On Tuesday, a Facebook post written by a former manager that was critical of the company was temporarily taken down and prevented from being viewed publicly, after it was erroneously flagged for violating Facebook’s community standards.
Former strategic partner manager Mark Luckie tweeted today that he received a notice from Facebook that his November 27 note, entitled “Facebook is failing its black employees and black users,” violated the company’s community standards.

About 20 minutes after his initial tweet, Luckie tweeted that he received a subsequent notification from Facebook that it had restored his post. The notification said that Facebook took a second look and determined the post didn’t violate its community standards. Luckie said that he didn’t file an appeal, though the notification he received said he did.
It’s worth nothing that removing posts without notice is one of the things Luckie criticized Facebook for in his initial note.
“Black people are finding that their attempts to create ‘safe spaces’ on Facebook for conversation among themselves are being derailed by the platform itself,” Luckie wrote. “Non-black people are reporting what are meant to be positive efforts as hate speech, despite them often not violating Facebook’s terms of service. Their content is removed without notice. Accounts are suspended indefinitely.”
The more shares a post gets, the greater the likelihood that it might come across the feed of someone who might disagree with the post and try to get it taken down by saying they think it violates Facebook standards. With the amount of posts content moderators come across each day, mistakes are bound to happen. The problem is that Facebook doesn’t always give users a lot of information about why their post is taken down. The company also just recently started enabling an appeals process.

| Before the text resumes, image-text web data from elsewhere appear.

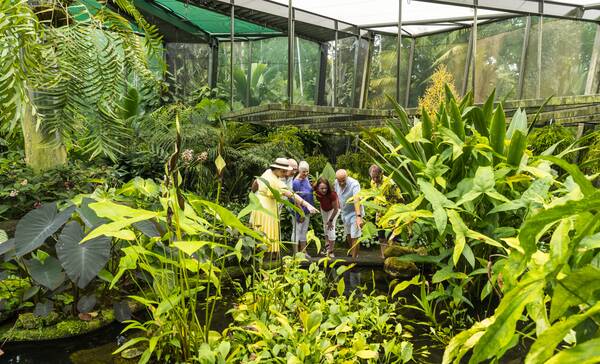 Cairns Botanical Gardens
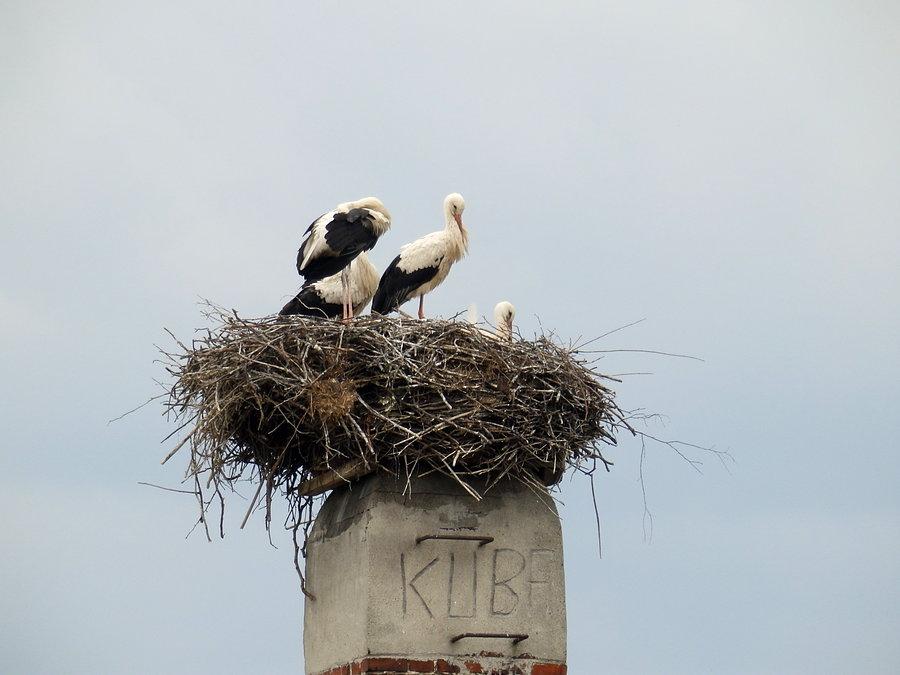 Bociany na Jerzmanowie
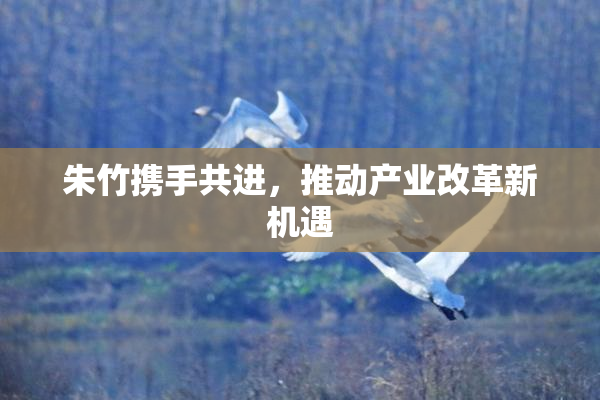 朱竹携手共进，推动产业改革新机遇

Luckie left Facebook in early November. In response to his November 27 note — which also touched on the racial discrimination he and other black employees said they faced at Facebook — Facebook’s director of corporate media relations Anthony Harrison said in a statement that “we want to fully support all employees when there are issues reported and when there may be micro-behaviors that add up. We are going to keep doing all we can to be a truly inclusive company.”